Haley: No more U.S. dollars, assistance for anti-U.S. countries, organizations
While the New York Times was busy dropping its hit piece on Nikki Haley, the U.N. ambassador was articulating how the Trump administration intends to deal with adversarial regimes and to dish out foreign aid.
“We’re not going to support dictators, we are no longer going to give money to people who are against the U.S. or say ‘Death to America.’ Or do anything that would be anti-U.S.,” Haley said in an interview with Fox News.
China continues propping up Venezuelan regime
As Venezuela’s economic and political crises spiral out of control, the Nicolas Maduro regime appears to be counting on help from abroad to keep the authoritarian government in Caracas in control of the country.
The autocratic Venezuelan president is on a four-day trip to China, hoping to secure an economic lifeline from Beijing, Reuters reports.

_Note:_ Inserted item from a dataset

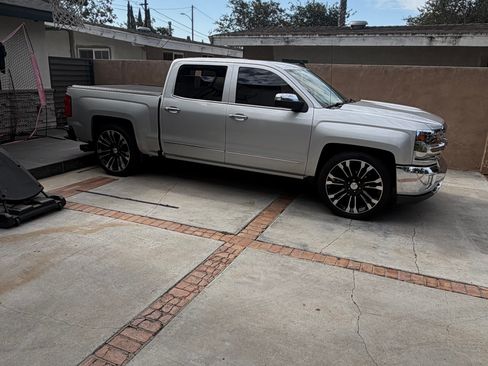Used 2018 Chevrolet Silverado 1500 LTZ w/ Sport Package RWD image 8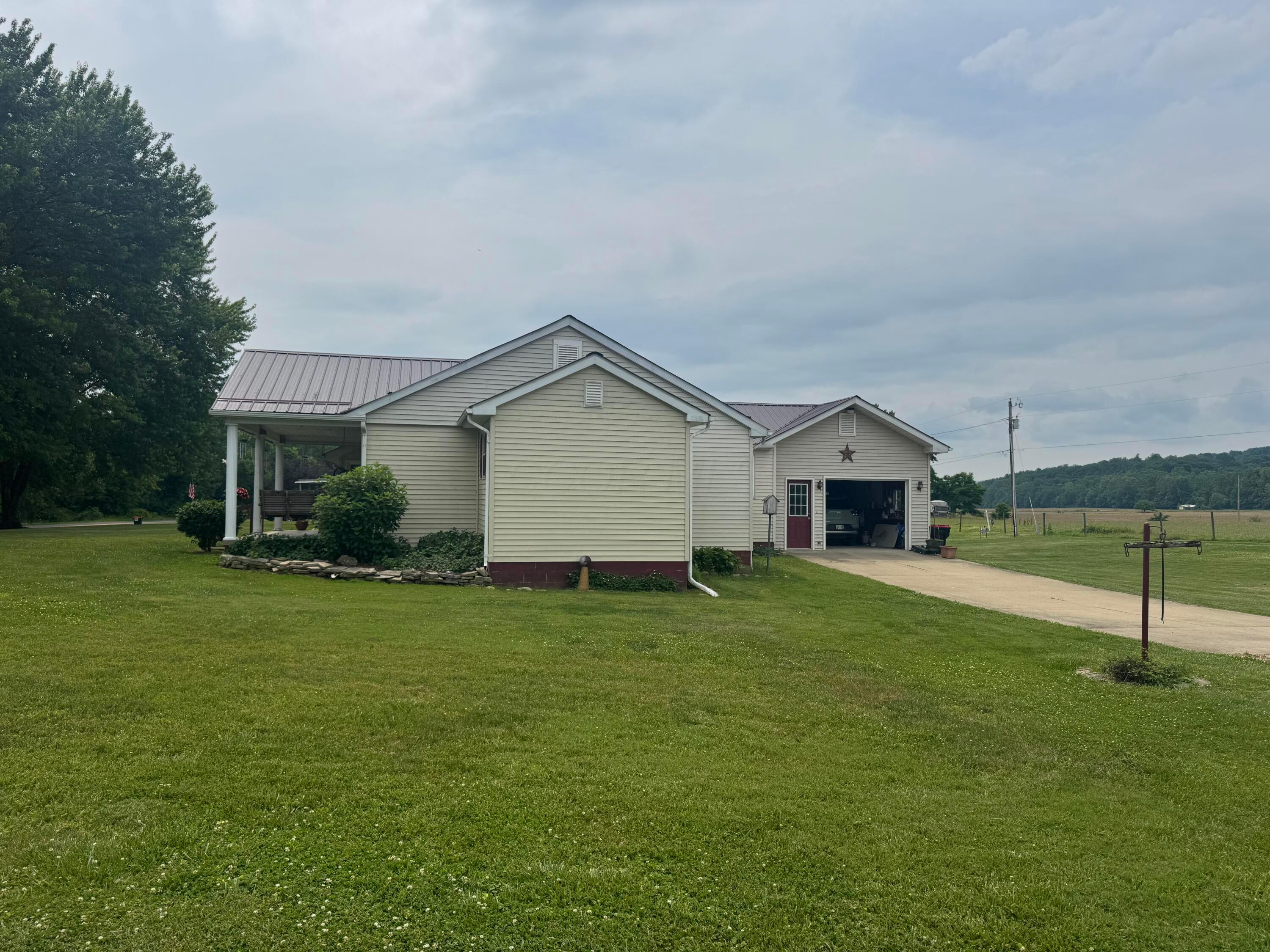 7885 Old River Road Property Photo 3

“Over a decade, China ploughed more than $50 billion into Venezuela through oil-for-loan agreements that helped China secure energy supplies for its fast-growing economy while bolstering an anti-U.S. ally in Latin America,” the report adds.
Russia makes power play near Alaska, holds massive war games
Russian warships are staging large-scale drills in the Bering Sea, the North Pacific body of water that separates Russia from Alaska.

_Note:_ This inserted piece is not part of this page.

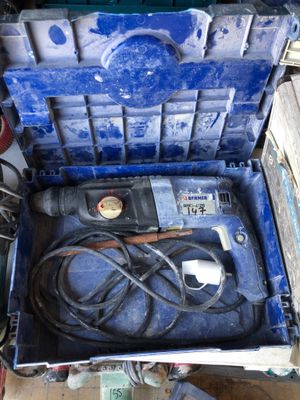 une boîte à outils bleue avec des outils à l'intérieur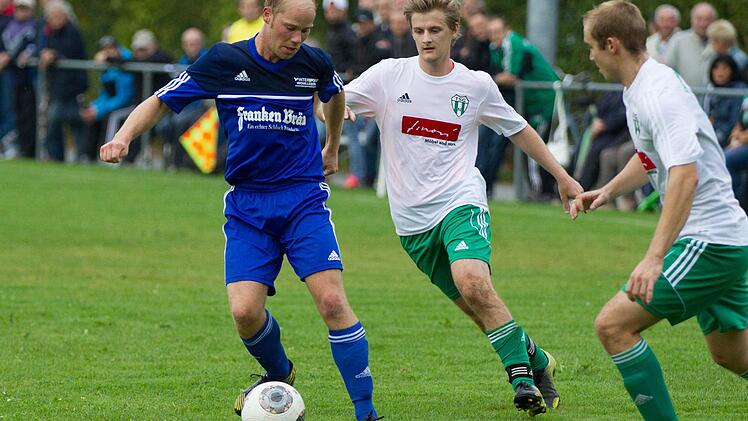 Seit vielen Jahren gehört Johannes Müller (links) zu den Stützen beim FC Mitwitz. In der neuen Saison wird er Spielertrainer. Fotos: Heinrich Weiß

Footage from the Kremlin’s Ministry of Defense showed huge amounts of military apparatus and some 300,000 soldiers staging drills in the area, which are due to take place until September 17.
Russian President Vladimir Putin was there Thursday to oversee the war games, according to Reuters.
A Trump-Kim summit in NYC this month?
There’s still an outside chance that President Trump and North Korean dictator Kim Jong Un will meet for the second time, at the end of this month, on the sidelines of the annual U.N. General Assembly meetings in New York City.
Talks between the United States and North Korea have almost entirely fizzled out since the first Trump-Kim summit, which took place in June in Singapore.
The White House was once very optimistic about the prospect of the Korean Peninsula’s full denuclearization. But now, top administration officials are very skeptical about Pyongyang’s commitment to the cause.